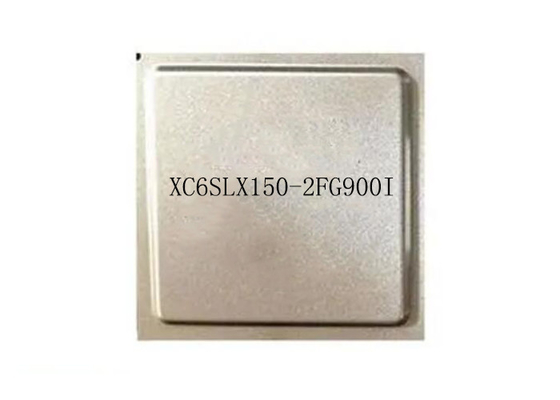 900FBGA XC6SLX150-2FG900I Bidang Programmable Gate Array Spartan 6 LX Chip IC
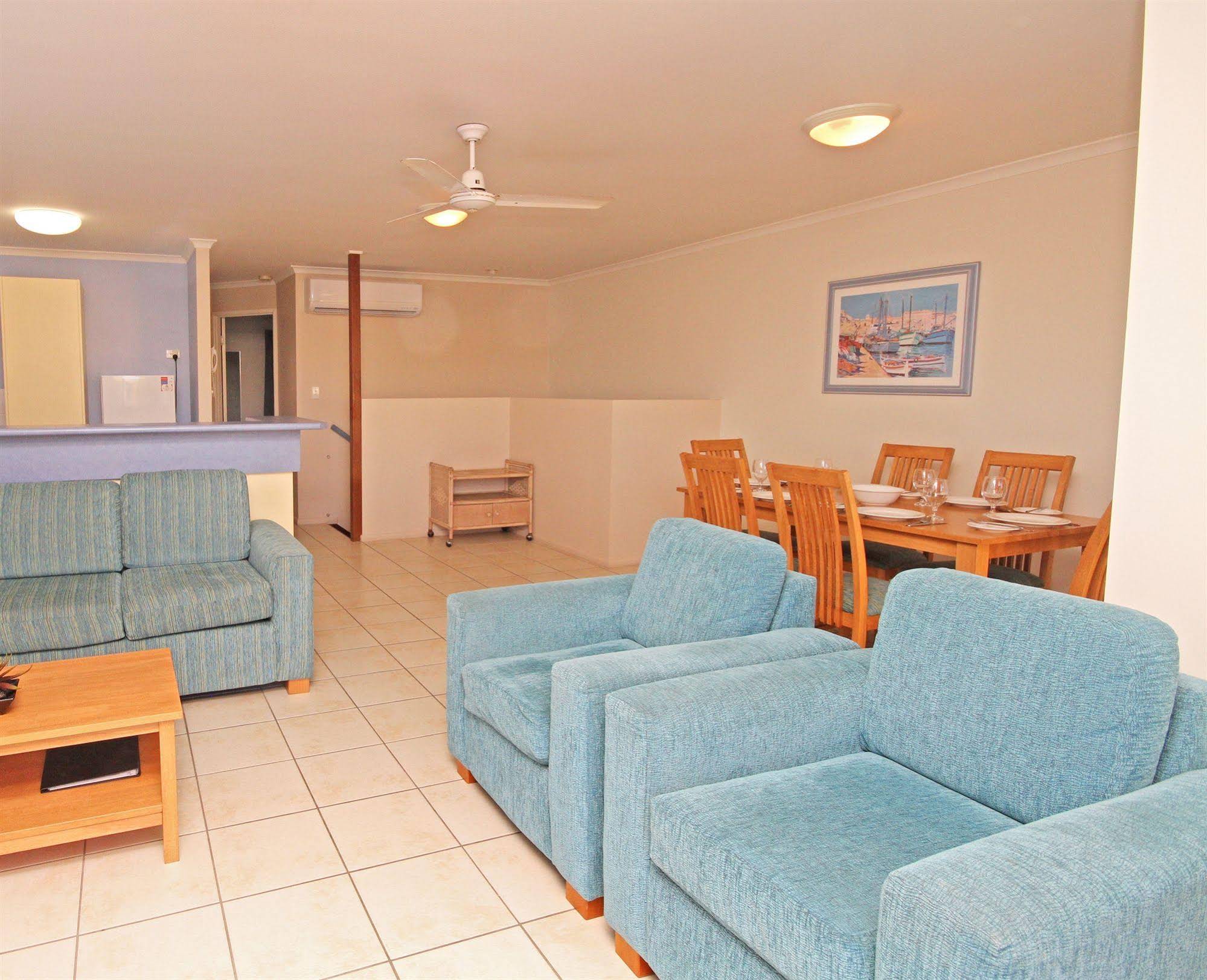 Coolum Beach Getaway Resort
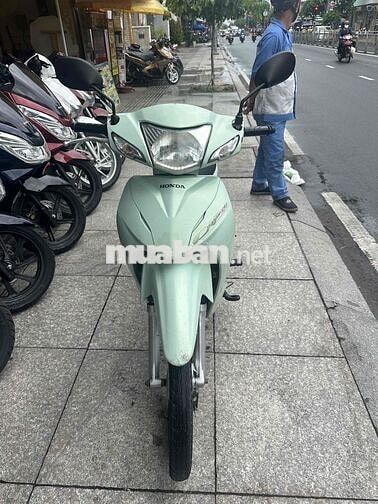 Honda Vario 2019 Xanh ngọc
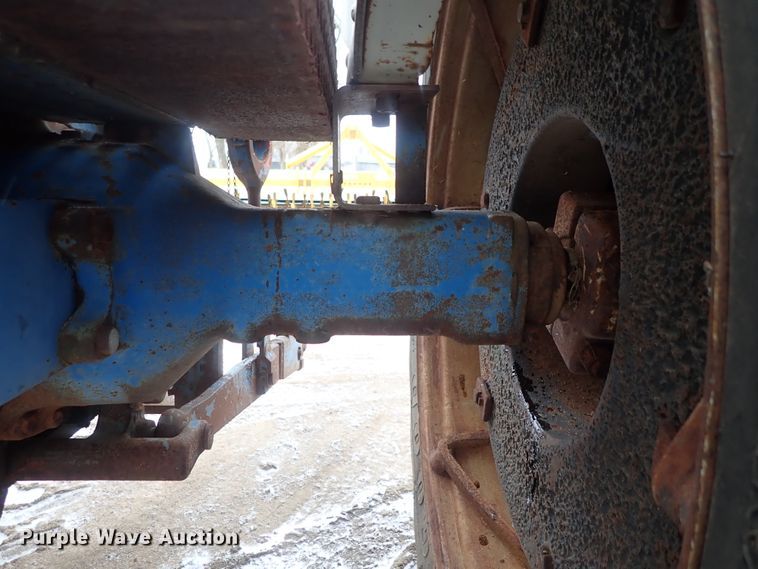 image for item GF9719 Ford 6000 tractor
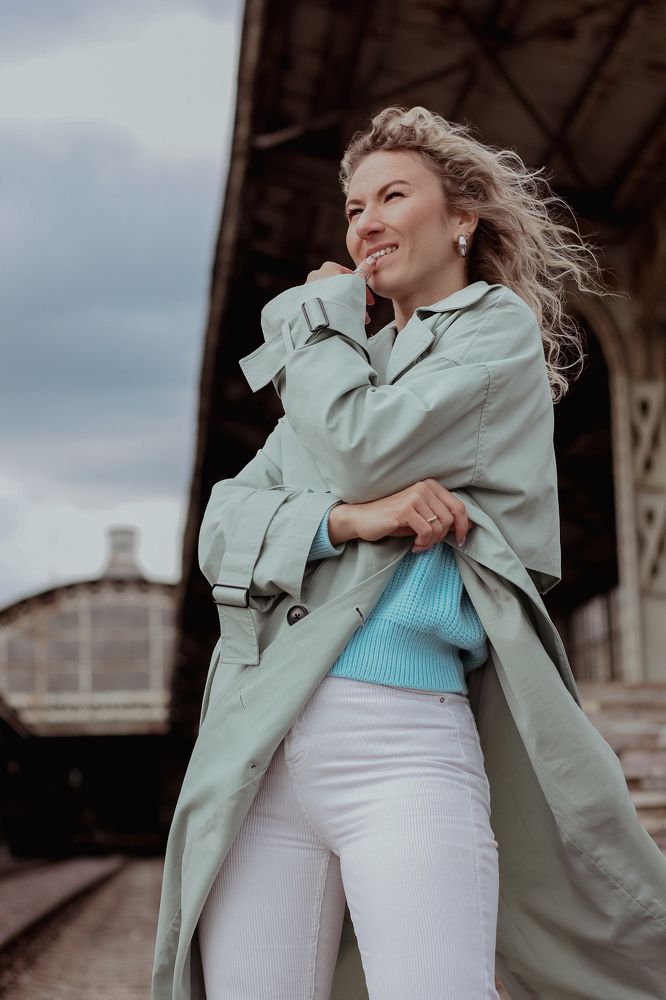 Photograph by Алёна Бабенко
---
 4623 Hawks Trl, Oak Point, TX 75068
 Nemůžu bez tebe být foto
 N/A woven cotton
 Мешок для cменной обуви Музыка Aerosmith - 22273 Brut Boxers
...
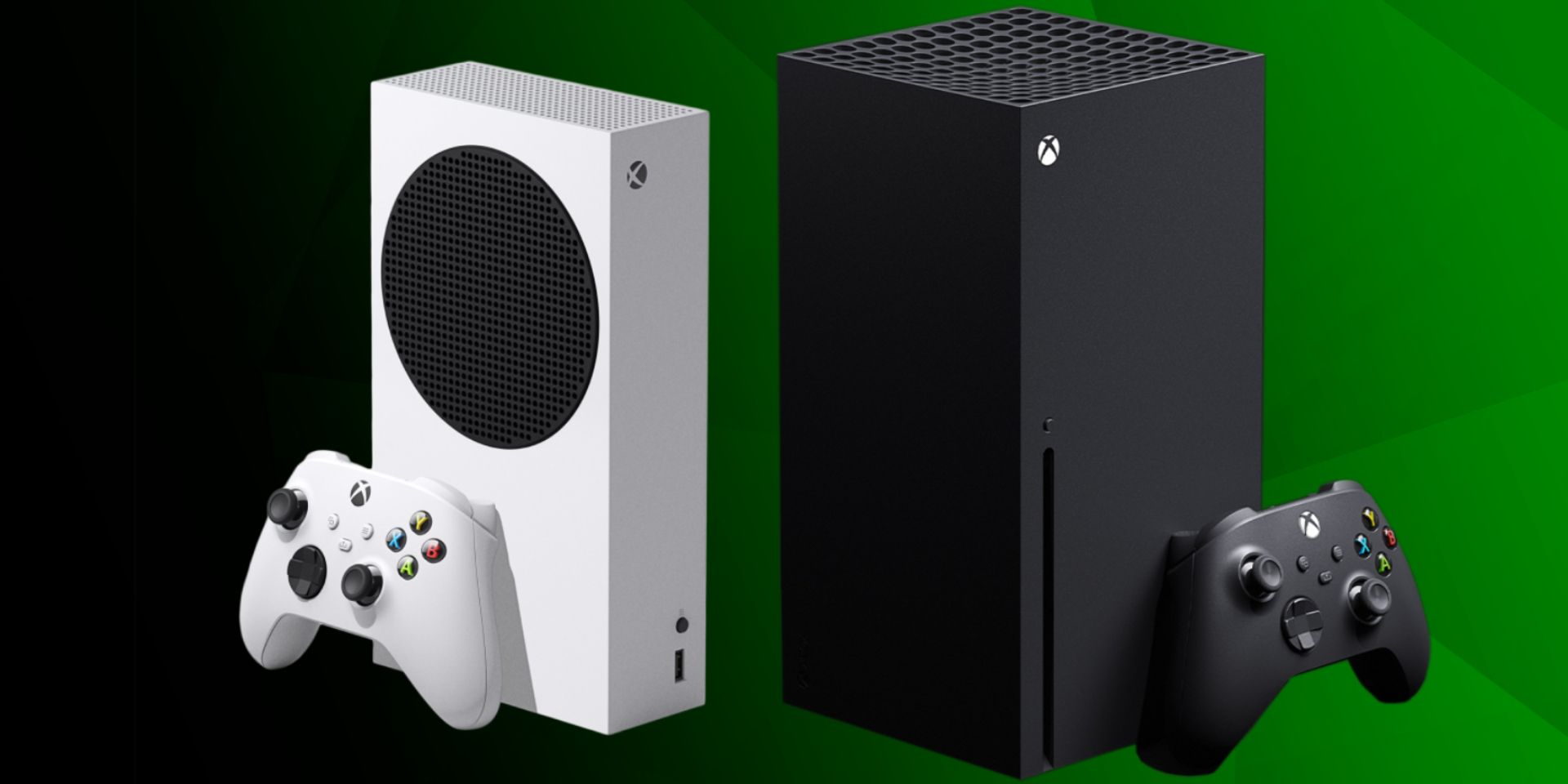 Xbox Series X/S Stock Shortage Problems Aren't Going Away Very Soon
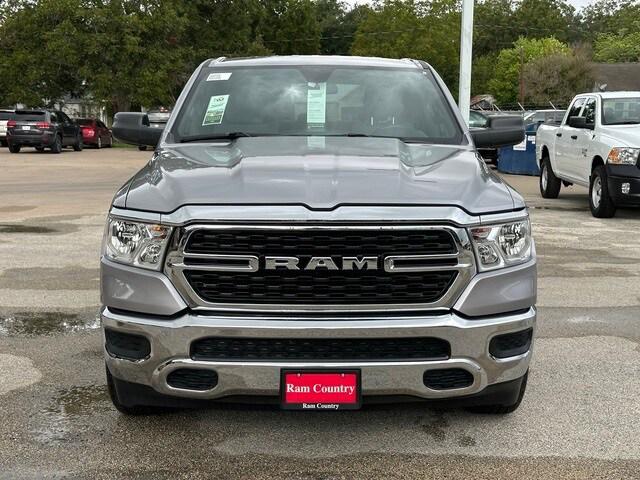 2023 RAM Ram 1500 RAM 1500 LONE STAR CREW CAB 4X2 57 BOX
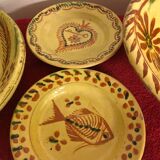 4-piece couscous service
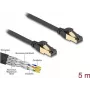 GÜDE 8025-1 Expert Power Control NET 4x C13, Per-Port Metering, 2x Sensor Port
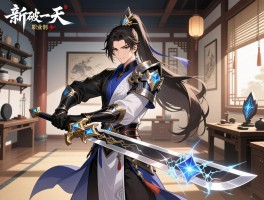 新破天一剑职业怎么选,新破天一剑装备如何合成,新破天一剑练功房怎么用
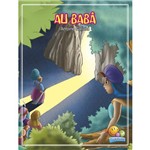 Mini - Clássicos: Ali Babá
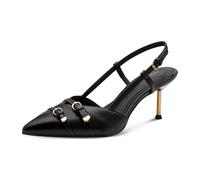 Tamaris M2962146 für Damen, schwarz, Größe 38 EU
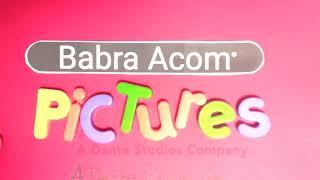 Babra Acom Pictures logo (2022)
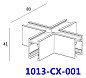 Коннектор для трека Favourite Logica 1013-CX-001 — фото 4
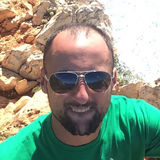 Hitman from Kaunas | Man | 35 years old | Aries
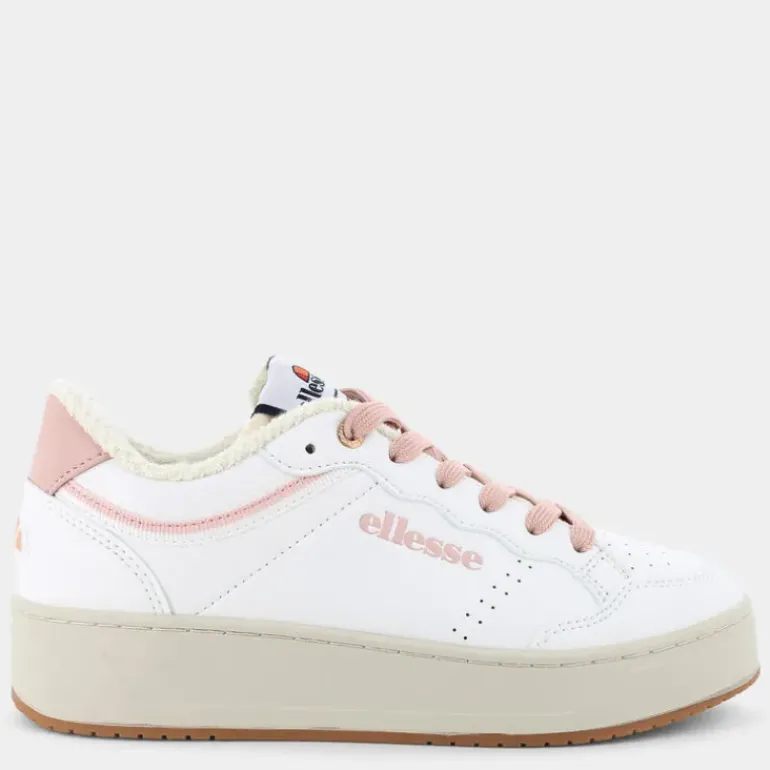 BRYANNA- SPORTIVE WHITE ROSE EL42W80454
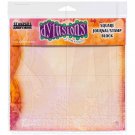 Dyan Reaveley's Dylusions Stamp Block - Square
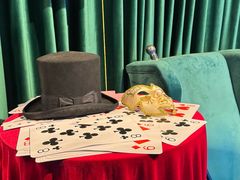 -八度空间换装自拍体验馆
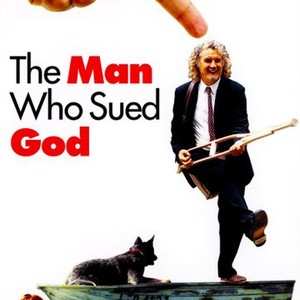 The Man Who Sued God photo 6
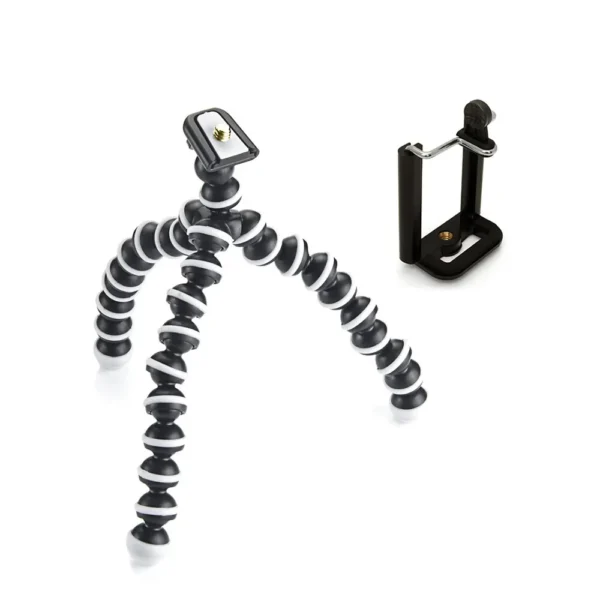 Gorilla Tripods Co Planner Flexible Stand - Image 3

● Your assignment
Starting at the line that contains "900FBGA XC6SLX150-2FG900I Bidang" and ending at the line that contains "Photograph by Алёна Бабенко", transcribe the material above exactly, excluding pictures.

● Answer space
 900FBGA XC6SLX150-2FG900I Bidang Programmable Gate Array Spartan 6 LX Chip IC
 Coolum Beach Getaway Resort
 Honda Vario 2019 Xanh ngọc
 image for item GF9719 Ford 6000 tractor
 Photograph by Алёна Бабенко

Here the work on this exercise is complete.